Support » Plugin: Scalable Vector Graphics (SVG) » Great attempt, but can't recommend

  • Robert Neu

    (@fatmedia)


    G Money Debtor

    Updated Review
    I feel bad giving this a negative rating, but the sanitization method in use can give a false sense of security. It’s safer than uploading the files raw, but can’t really be considered safe. I stopped using it after reading more about how challenging it is to truly sanitize SVG files.

    Hopefully a more robust library makes its way into WordPress core in the future and this won’t be an issue anymore!

    —-
    Original Review:

    There are a number of plugins in the repository to handle this, but as far as I can tell this is the only one which will correctly sanitize SVG files. This is absolutely essential and therefore this is the only SVG plugin worth using. Great work!

Viewing 4 replies - 1 through 4 (of 4 total)
  • “correctly sanitize SVG files” is probably overly optimistic.

    The library that’s being used here (SVG Sanitizer) is old and unmaintained, doesn’t have a large user base, doesn’t have unit tests, and probably hasn’t been audited by an expert.

    SVG sanitization is extremely difficult, and it’s very unlikely that SVG Sanitizer does an adequate job.

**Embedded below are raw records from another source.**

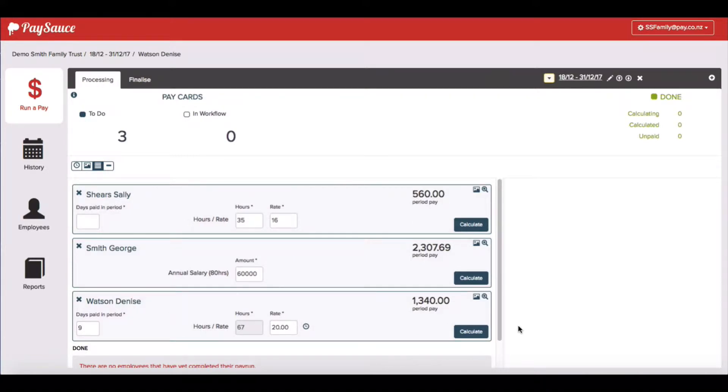This video looks at how to record a statutory holiday. We're going to use Christmas 2017 for our demo.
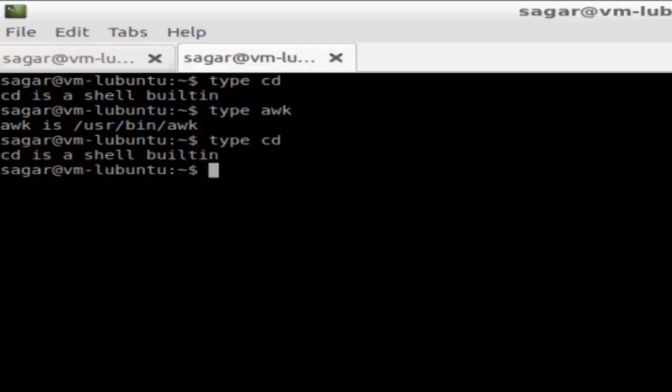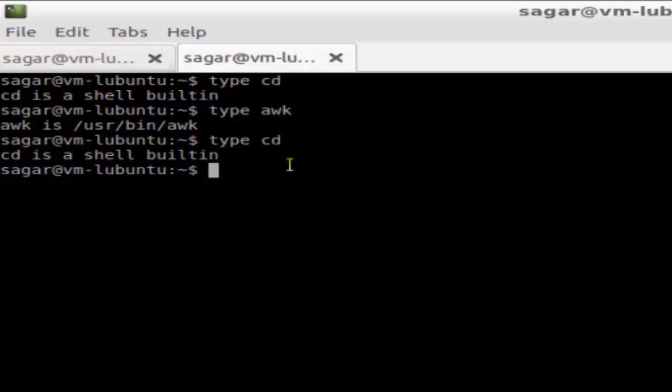Type. So if you hit enter it will say that CD is a shell built-in, that means this command is internal.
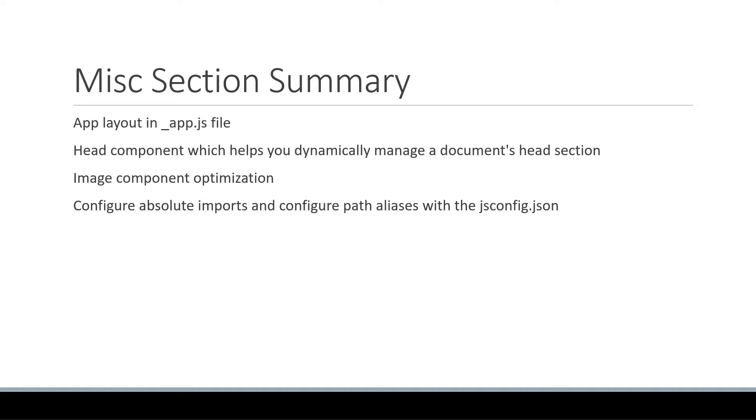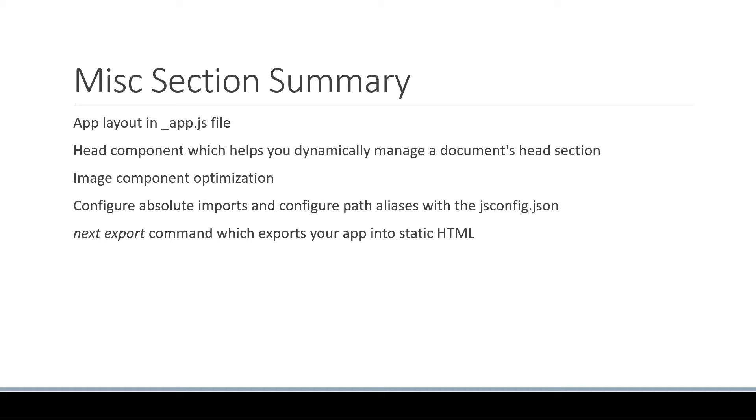After that, we learned about the next export command which exports your application into static HTML which can be served without the need of a node server. We also learned how to set up support for TypeScript.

    DomPurify is probably the only library that anyone could use with confidence, but it’s client-side, so not applicable for this kind of use case. (One of the reasons it’s client-side is because comprehensive SVG sanitization in PHP is fundamentally impossible, because you need a real browser engine to actually test for all of the attack vectors.)

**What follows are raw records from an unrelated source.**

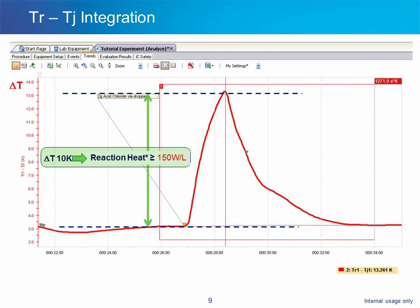If this reaction was run in a vessel where the jacket temperature was simply held constant, this heat would accumulate in the reactor, causing the temperature of the reaction mass to rise significantly. This is certainly a safety concern, but can also impact the yield and impurity profile.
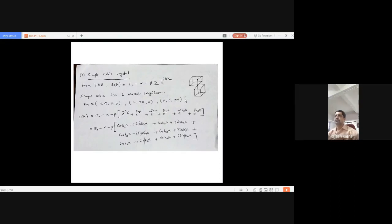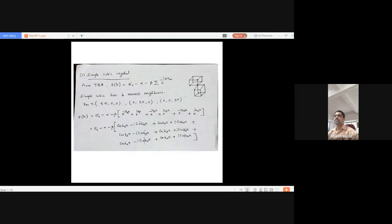Using Euler's formula e^(ix) = cos x + i sin x, for each pair of terms corresponding to e^(-ikₓa) and e^(ikₓa), we apply the expansion. The sine terms with opposite signs cancel each other — the minus i sin(kₓa) and plus i sin(kₓa) terms cancel, and similarly for the y and z directions.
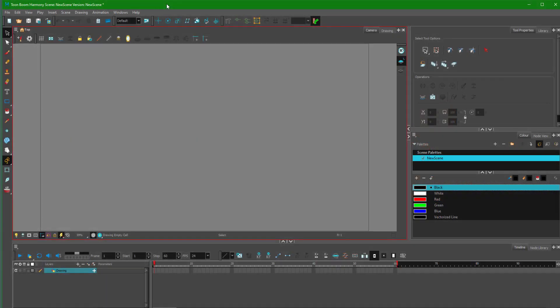Let's work with Z depth inside of Toon Boom Harmony. To work with Z depth, we'll start by setting up a simple scene.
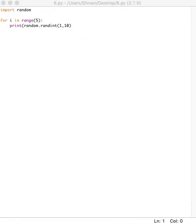All Python programs can call a basic set of functions, which are called built-in functions. This includes the print, len, and input functions that we've already used before.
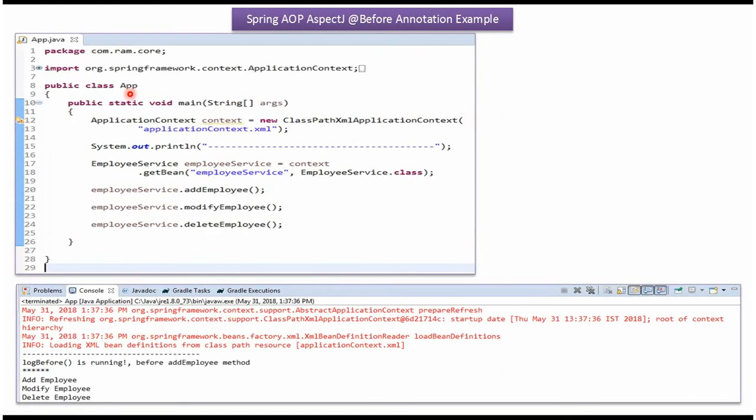Here I have defined the class app. Here I have created ApplicationContext object by reading Spring configuration file. Using GetBean method of ApplicationContext object, getting EmployeeService object from SpringContainer, and calling addEmployee, modifyEmployee, and deleteEmployee methods.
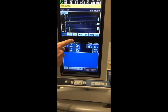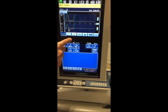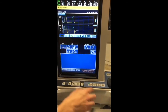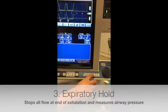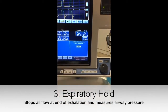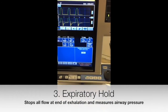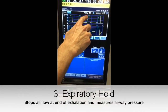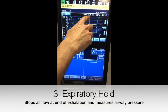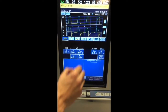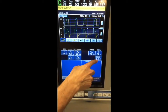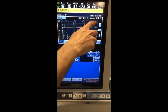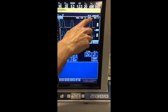The last way to measure auto-peep is by actually doing the expiratory pause maneuver by pressing this button here, which will calculate intrinsic or auto-peep for you. Here it's about 3.5, which is in addition to the PEEP that you've set at 5, giving you a total PEEP of 8.6.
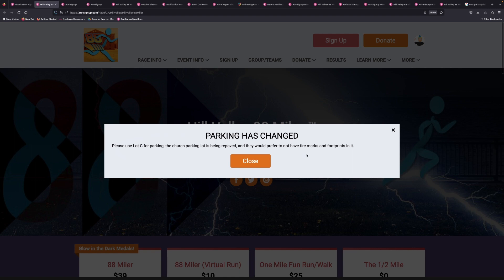So in this example, we're just trying to communicate to the participants that parking lot C is the one that they want to park in, as the church parking lot is currently being repaved. And they have specifically said they prefer not to have tire marks and footprints in it.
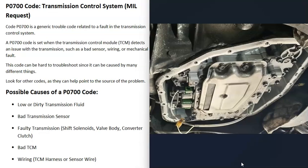It's also possible that the transmission fluid and filter need to be changed — the filter might be clogged. However, with really high mileage transmissions where the fluid has never been changed, flushing it with all new fluid can sometimes cause a new set of codes to appear. In those cases, it may be better to just change the filter and pour the old fluid back in, or add only a small amount of new fluid.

    There’s a new PHP library inspired by DomPurify that looks promising. It’s probably much better than SVG Sanitizer, but I wouldn’t use it on any sites where security is mission-critical until it gets more testing.

    Robert Neu

    (@fatmedia)

    G Money Debtor

    That’s a good point. I stopped using this after reading more about the issues with the sanitization method being used.

    I did see that newer SVG sanitization library based on DomPurify and it does look promising. They also have a WordPress plugin, but it circumvents the WordPress filesystem so I dunno if I’d use that one either…

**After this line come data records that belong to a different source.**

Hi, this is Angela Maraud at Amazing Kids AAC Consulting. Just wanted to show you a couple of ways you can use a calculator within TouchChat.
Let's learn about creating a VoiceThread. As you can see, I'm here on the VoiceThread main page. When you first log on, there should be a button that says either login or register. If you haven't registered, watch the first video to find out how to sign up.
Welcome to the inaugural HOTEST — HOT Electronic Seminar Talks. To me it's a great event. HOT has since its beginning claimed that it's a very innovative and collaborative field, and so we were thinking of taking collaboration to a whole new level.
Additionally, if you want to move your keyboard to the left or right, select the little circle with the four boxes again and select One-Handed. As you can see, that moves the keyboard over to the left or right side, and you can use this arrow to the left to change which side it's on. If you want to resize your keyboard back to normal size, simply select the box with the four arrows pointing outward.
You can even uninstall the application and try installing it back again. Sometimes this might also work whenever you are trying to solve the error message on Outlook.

    Plugin Author Sterling Hamilton

    (@sterlo)

    Hey guys!

    After discussions with a few people in the space — probably going to remove the sanitization altogether — my plugin makes them work and shouldn’t take place of security overall.

    Thanks for the review!

Viewing 4 replies - 1 through 4 (of 4 total)
  • The topic ‘Great attempt, but can't recommend’ is closed to new replies.